世界が動き始める後半
サビ
叫び続け何度声を枯らしても届くことはない
傷を抉り心から溢れ出した赤い血に浸り
汚れた未来に今手を伸ばした
出典: グリーフ/作詞:不明 作曲:不明
ソロパートで構成されるAメロ及びBメロとは対照的に、全員の合唱と激しいダンスが主体のシーンとなります。
ここで書かれるのは、深い哀しみです。
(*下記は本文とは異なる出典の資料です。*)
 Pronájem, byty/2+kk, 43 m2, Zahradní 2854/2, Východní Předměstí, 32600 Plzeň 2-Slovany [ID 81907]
つまりグリーフですね。
ただただ力なくうずくまるというよりも、胸を掻き毟るような激しさが楽曲からも浮かび上がってきています。
また、激しく動き回りながらメンバーを照らし出す照明の光も印象的です。
それまでとは一転して非常に力強い印象を与えます。
AメロやBメロと同様、やはりサビでも歌詞の内容は暗く悲痛です。
しかし「汚れた未来に今手を伸ばした」という歌詞にご注目ください。
単に嘆き悲しむだけでは終わらないという向こうっ気や反抗心、気持ちの強さを感じさせるものです。
ちなみに、画面の右横に歌詞は表示されています。
かわるがわる映し出されるメンバーとみくるのソロパート
2番のサビの後、楽曲と映像はともに大きく展開を変えます。
それまでとは打って変わってギターサウンドが前面に押し出されるのです。
映像にかわるがわる映し出されるのは、こちらを見つめるメンバーたち。
叶、やむ、姫乃、みくる、兎愛の順番に、揺れ動くような5人の映像が浮かび上がります。
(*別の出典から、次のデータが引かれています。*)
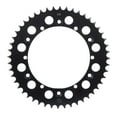 thumbnail image 1 of Primary Drive Rear Steel Sprocket 48 Tooth Black for Yamaha WR400F 1998, 1 of 4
それに引き続き始まるのは、「Dメロ」とも呼ぶべきみくるのソロパートです。
ここではメロディもさることながら、映像の雰囲気も大きく変わります。
窓際に立つ他の4人を背に歌い上げるみくるの空間に注目してみてください。
その歌詞の内容こそ暗いものの、それまでとは違って明るい空間の中に立っています。
冒頭から続いてきたダークな雰囲気とは明らかに趣を異にしているのが分かるでしょう。
ノイズにも振り付けにも大きな意味がある
時折挿入される映像の「ノイズ」
各自のソロパートの切り替え時や1番サビ後の間奏から2番Aメロに入るときに映像を乱すもの。
時折ノイズのようなものが挿入される演出が施されています。
画像のみノイズが入るので、音源の方には一切影響はありませんが気になる人も多いと思います。
この「ノイズ」ですが、2番サビ後の間奏以降は最後まで一切現れることはありません。
この演出を理解する鍵は、この後に登場する大サビ前の歌詞の内容です。
深い闇に突き落とされたとしても僕はひれ伏さない
出典: グリーフ/作詞:不明 作曲:不明
歌詞で強い決意が歌われています。
映像に施されたノイズは、いわばネガティブな感情に心を支配された時の微妙なざわめきでしょう。
それが消えたということはすなわち、心の中の迷いが完全になくなったことを表現しているといえます。
大サビ、そして再び「冒頭の陣形」に戻る振付
そんな歌詞に示された「決意」と「生まれ変わり」を示すかのように、大サビではメロディ転調しています。
全体的に半音上がった旋律とメンバーたちのダンスが、過去2回のそれ以上にパート全体を力強く彩ります。
そして楽曲の最後、ダンスの締めくくりの部分で5人が組む「陣形」。
真ん中に立つ叶を中心に兎愛と姫乃、やむとみくるが向かい合って膝をつき座る形をとります。
そう、冒頭部分でイントロが始まった時のものと全く同じになるのです。
しかし見た目は同じかもしれませんが、そこにある意味はどうでしょうか。
強い決意を歌い上げた後のアウトロでは、それが意味するところはイントロとは全く違ったものといえるでしょう。
「最後にはまた元の場所に戻る」
それは再び心が絶望に囚われるというネガティブな意味ではありません。
「ファンのみんなに、何度でも繰り返しこの映像を見てほしい」という思いも込められていると想像します。
だってカーソルを冒頭に戻せば、彼女たちはまた同じ場所から歌い踊り始めるのですから。
総括
一般的なアイドル像から想起されがちな、ポップな明るさとは全く対照的といえるヒロシンのスタイル。
彼女たちはこのMV内で一切笑顔を見せません。
だからといって彼女たちの楽曲そのものは最後まで一貫してダークなわけではありません。
彼女たちがこの歌やダンスで伝えてくるメッセージは、見る者の心を強く打ちます。
この曲のテーマは「誰もが体験する可能性があるグリーフである」です。
このテーマがあることで、より多くの共感を呼び起こすものとなるのです。
ファン層の8割から9割は女性ともいわれるヒロシン。
彼女たちの伝えるメッセージが、これからも悩める誰かにとっての救いとなればいいですね。